MALAYSIA'S openness towards foreign workers is again being challenged. Its people are being denigrated for being abusive employers, as if this is the rule.
Perhaps the time has come for those unfairly maligned to speak up or forever hold their peace and get on with doing the work for themselves and not rely on imported labour. Given that the government has to bear with so much undeserved flak -- and this trivial though humanitarian matter is causing friction with Indonesia and Cambodia -- why not just reduce the number entering the country as workers until such time as a properly regulated free movement of labour can be agreed to in Asean? After all, ending our increasingly costly dependence on migrant workers has been part of government policy for some time.

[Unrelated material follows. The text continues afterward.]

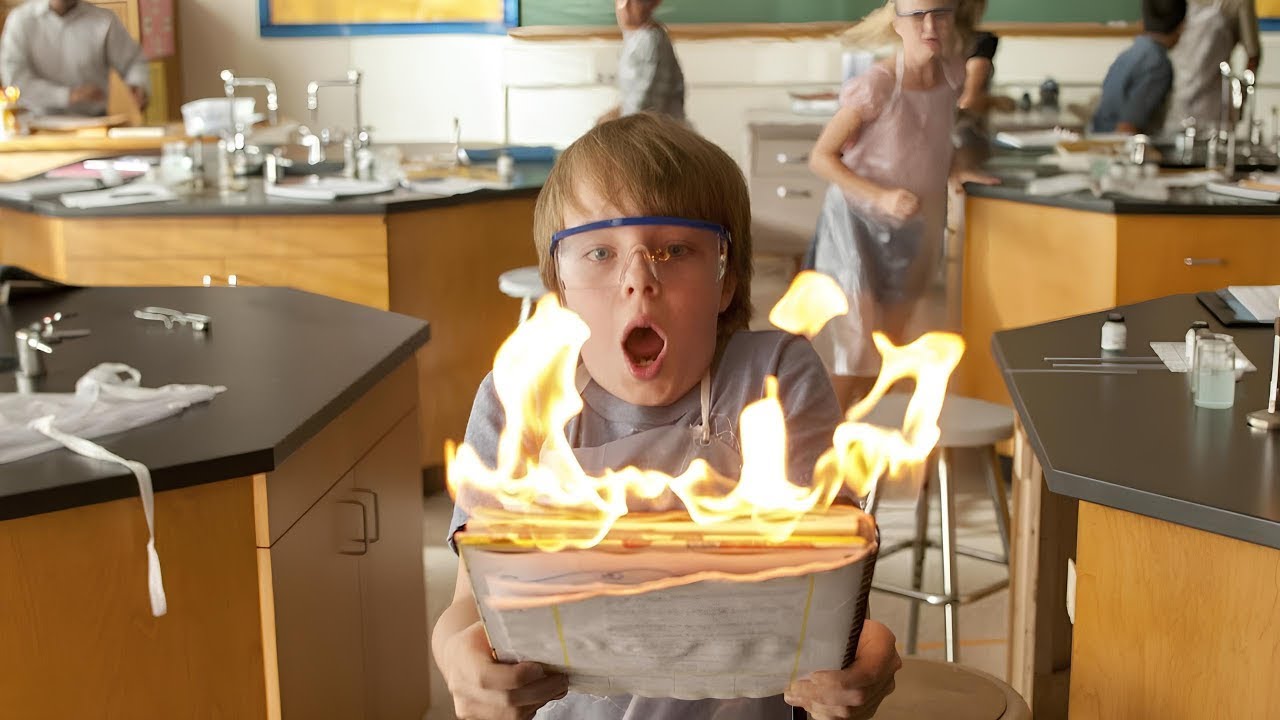 Junge wünscht sich zum Geburtstag ALLES GLÜCK - aber weiß nicht, was er seiner Familie antut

Hiring foreigners is indeed becoming uneconomical. As the Malaysian Employers Federation has clearly stated, the laws to protect workers, be they local or foreign, are already in place, making the latter less competitive. Given the implementation of the minimum wage policy which extends to foreign employees, the difference to employers will approach zero. Furthermore, the repatriation of income to countries of origin constitutes an unnecessary leakage from our economy. As has frequently been repeated, an acute dependence on foreign workers has hidden costs, such as in the displacement of locals. More insiduously, access to low-paid foreigners holds back the economy from moving up the value chain and keeps it stuck in low-wage production. Malaysian firms are thus obliged to manage things so that any reliance on imported workers is pared down to a minimum. So far, however, few have done so. The foreign worker seems to have become an indispensable part of both society and the economy. Every attempt to get employers off foreign labour has been greeted with groans of addiction withdrawal and pitiful appeals for help.

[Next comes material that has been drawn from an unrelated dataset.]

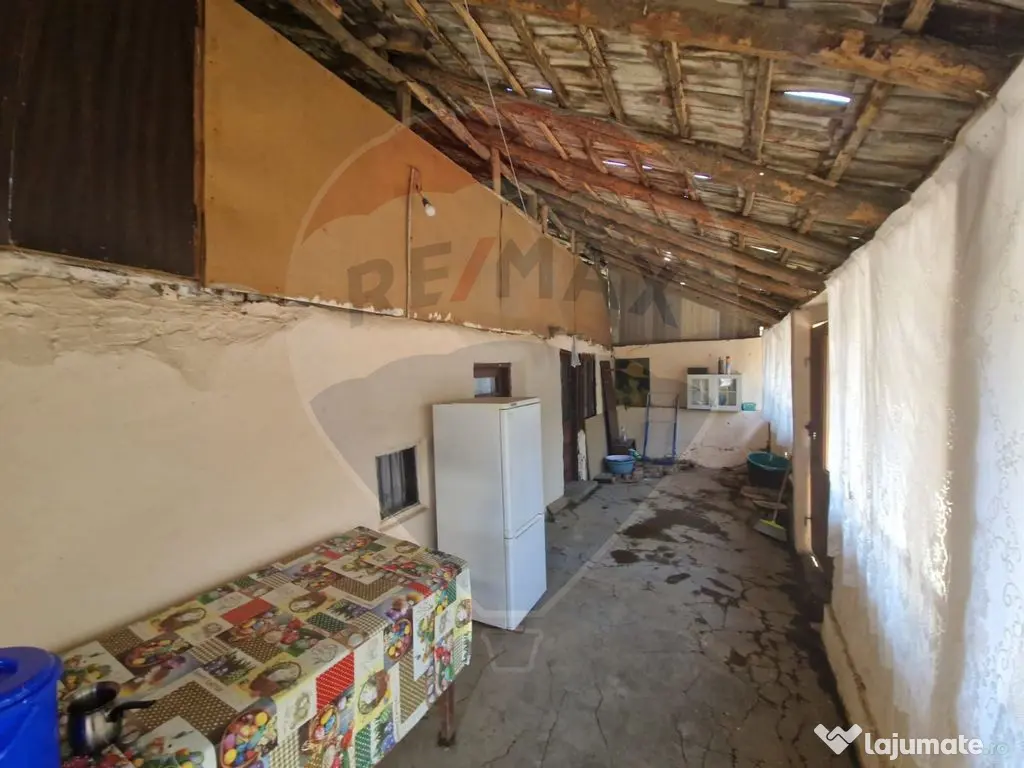 Casă / Vilă cu 3 camere de vânzare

For as long as their pockets are not hit, most employers will prefer the easy way out. A new mindset must be nurtured, one that shames the cheap skate into greater innovation and self-reliance. There is a need for a transformation of the Malaysian economic mentality from the current insipid consumerism to the responsible citizen ever mindful of the hurt actions can do to the nation. It is this lethargy that makes the country such an easy target in capitals like Jakarta, rightly or wrongly. Indeed, we must be vigilant about the welfare of those we employ, in which case many Malaysians would not be able to afford maids or the many other workers we claim we cannot do without.